In the category of Things I Am Not proud Of, last night I spent time with my dear friend Metaphorman, and we were occasionally accompanied at times by his roommate and a friend of hers i have known peripherally, an attractive 30 year old who works for the company we do. We ended the night drinking at his house, until his roommate retired to bed and i said good night and left for home.
i was home ten minutes before he called me and told me to text the roommate's friend, that i was assured she'd fuck me. After being assured that he was not setting me up, i humored him, took her number and left it alone. He calls back five minutes later:
Metaphorman: I am telling you, she.will.fuck.you.
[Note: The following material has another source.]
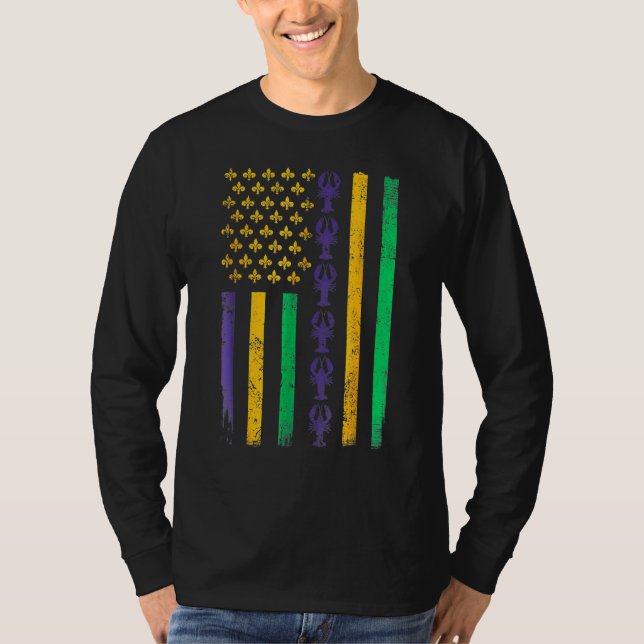 American Flagga Mardi Gras Mardi Gras Kräftor Outf T Shirt (Framsida)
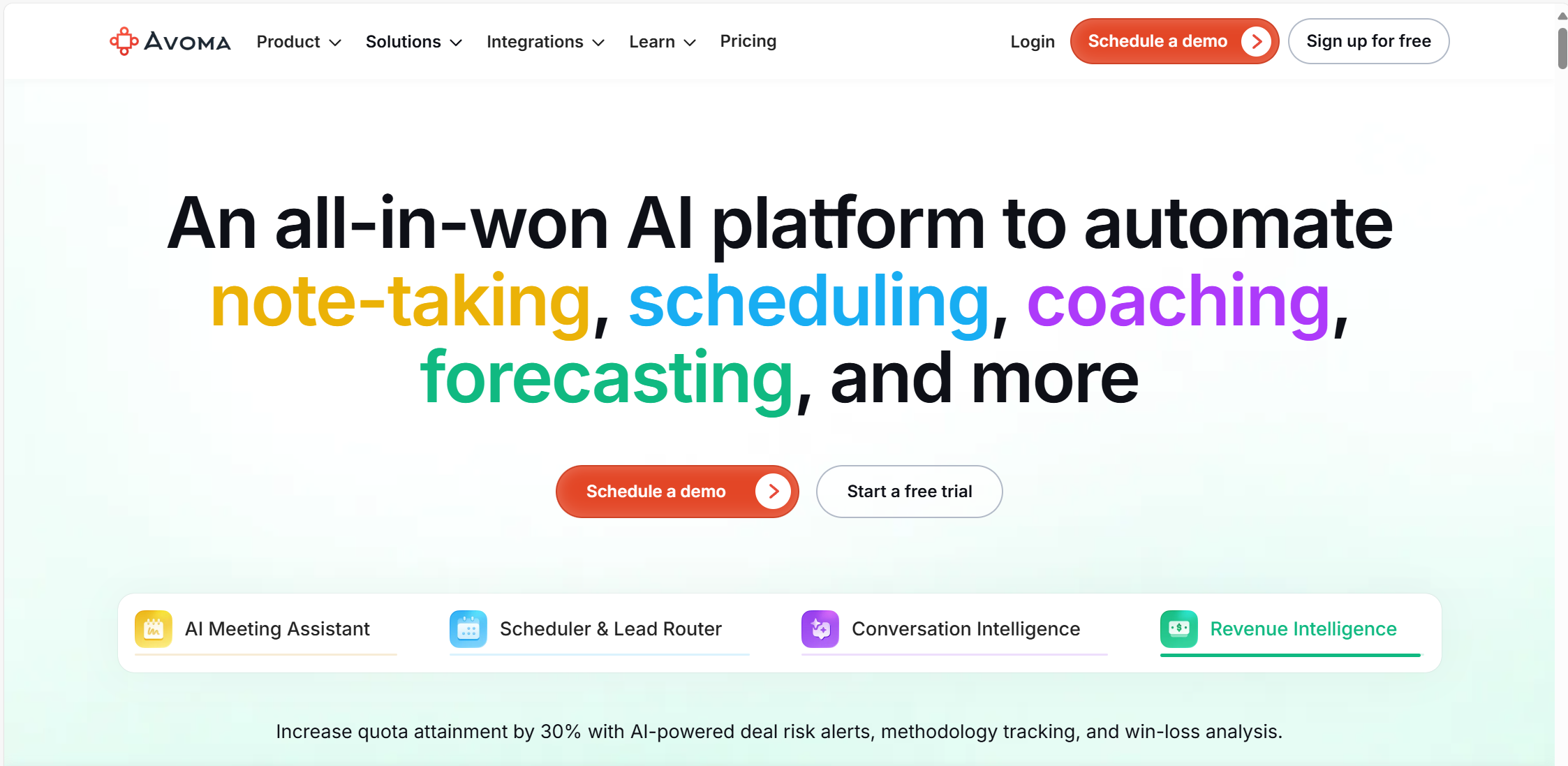 Avoma's new homepage May 2025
me: I don't know, i am really in love with Cath,....
Metaphorman: And she's at home, with her husband, probably fucking him, so why can't you?
Hard logic to refute.
i text her, innocuously ask if she is still at Metaphorman's. She replies that she is and that i should come back. i text, "okay..." and she replies, "Sounds good."
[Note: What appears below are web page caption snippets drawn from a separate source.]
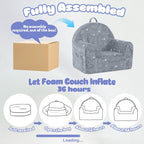 MeMoreCool Kids Chair, Glow Grey Dinosaur Kids Couch Sofa for Ages 3+ | Glow grey dinosaur kids chair, cozy foam armchair for reading corner, plush seat for playroom and kids room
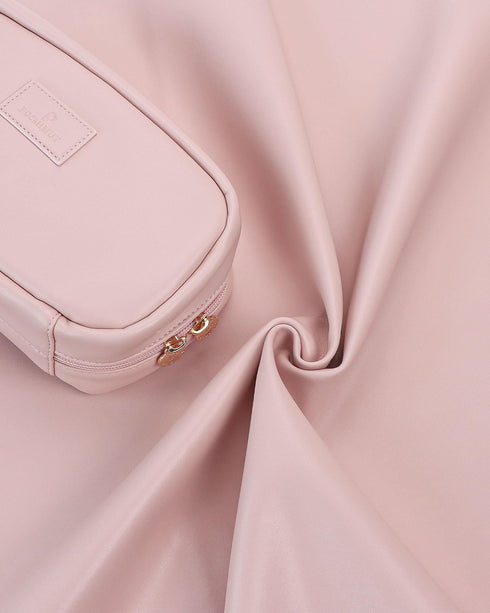 Pocmimut Makeup Bag,PU Leather Travel Cosmetic Bag,Open Flat Makeup Pouch for Women Purse for Travel Accessories(Pink)...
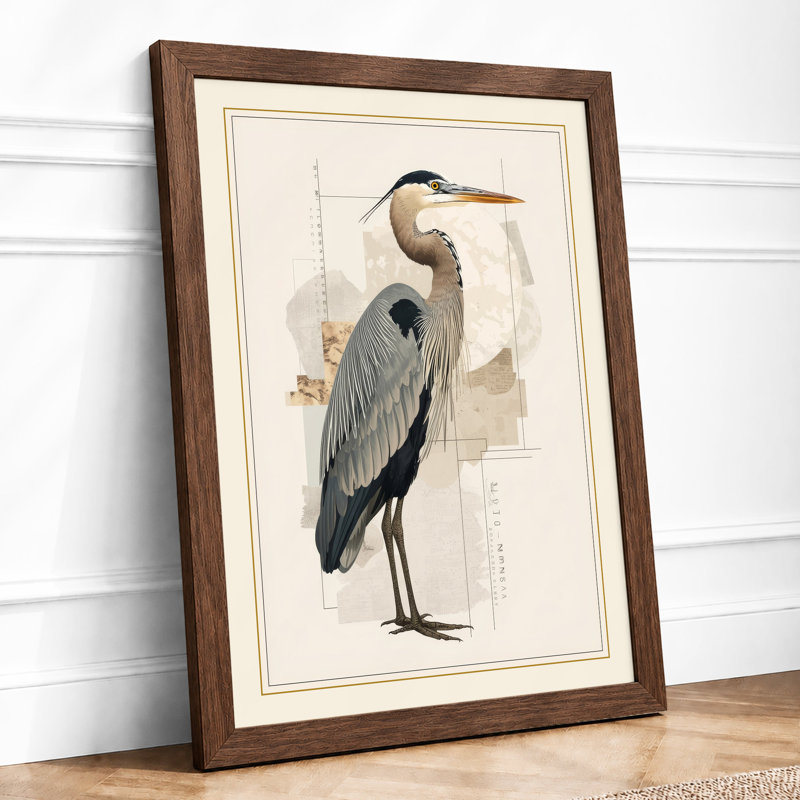 Great Blue Heron Botanical - Framed Print, A2 - 59.4 x 42.0 cm, Walnut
i am excited, hesitant and jaded, but i redress, hop in my car and return. Metaphorman is glad to see me, smiles as he shuts off all of the lights in his downstairs and indicates that she is in the guest bedroom. The bedroom is dark, and she's sleeping peacefully, and for a moment i debate just leaving.
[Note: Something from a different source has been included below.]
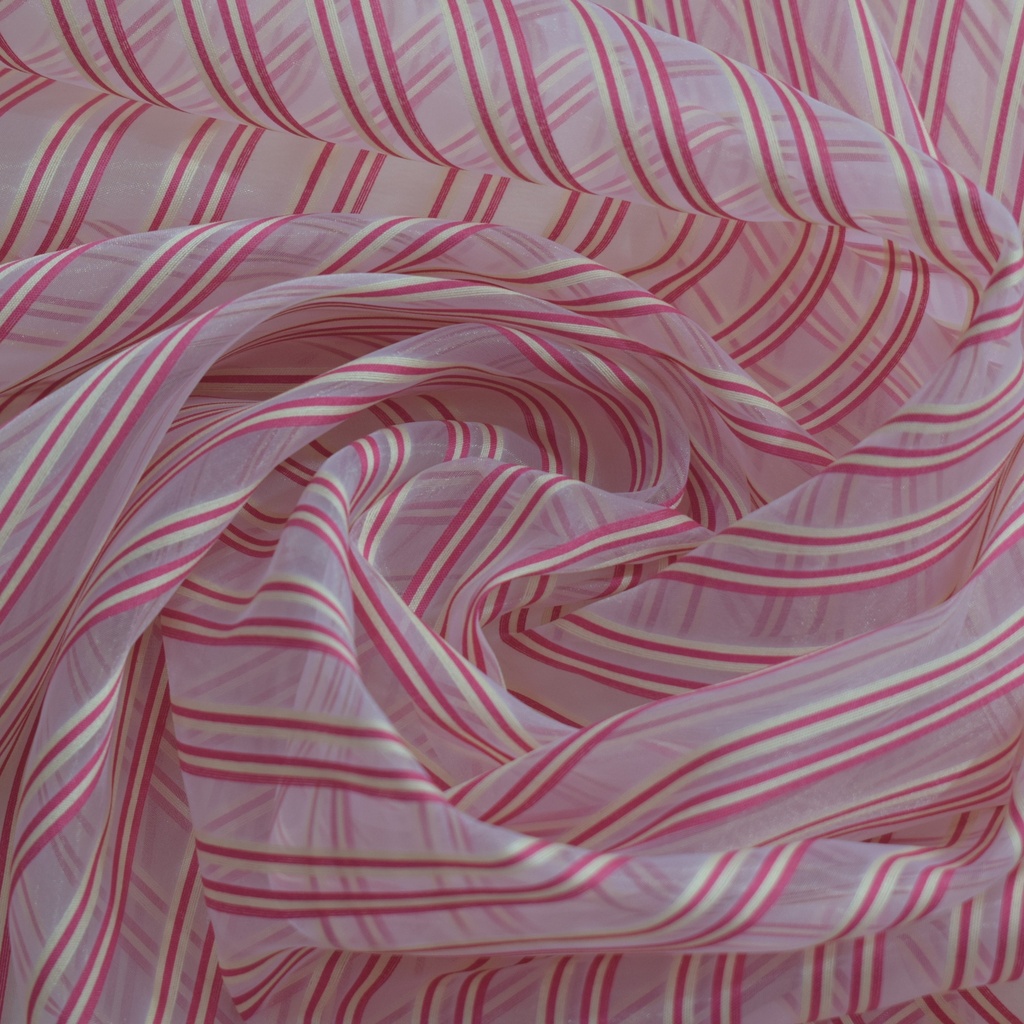 Rainbow Organza Stripes Dyed Fabric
i am 42 years old- this never happened to me in high school, college, ever. And while part of me wonders if i am pursuing this to make up for what my past lacked, it isn't that, it's the fact that i love a woman's taste, the heat of their skin, the delicateness of their lips, the whole symphony of pleasure that is sex, witnessing it first hand, seeing how far.
i slide into the bed, hoping that she will not awaken, and i will just watch her sleep, but in a few seconds she wakes, giggles about falling asleep and then starts kissing me. Immediately, the kissing is not what i enjoy- it's quick, sloppy and too much tongue; i take part like it will save my life. She is wearing her dress but without underwear, we caress, writhe, dance. Everything we do is the opposite of what i have found in Cath, and i remind myself that what this is has nothing to do with emotion, love, spirit.... i now know, for sure, after my year of sex with KT and a few other encounters the difference between sex and making love. i lie to myself that i do not enjoy sex without some sort of spiritual connection.
i cannot rise to the occasion, but she is understanding and allows me to explore her with my hands and tongue, enjoying it immensely. Then we talk about movies for an hour until i locate my clothing, dress and leave.
The town is dark and silent save the occasional car as i drive up route 1 to my home. Conflict rises in me, but is dismissed... it is what it is.
And i long for the love i had with ExA, when i believed in something special.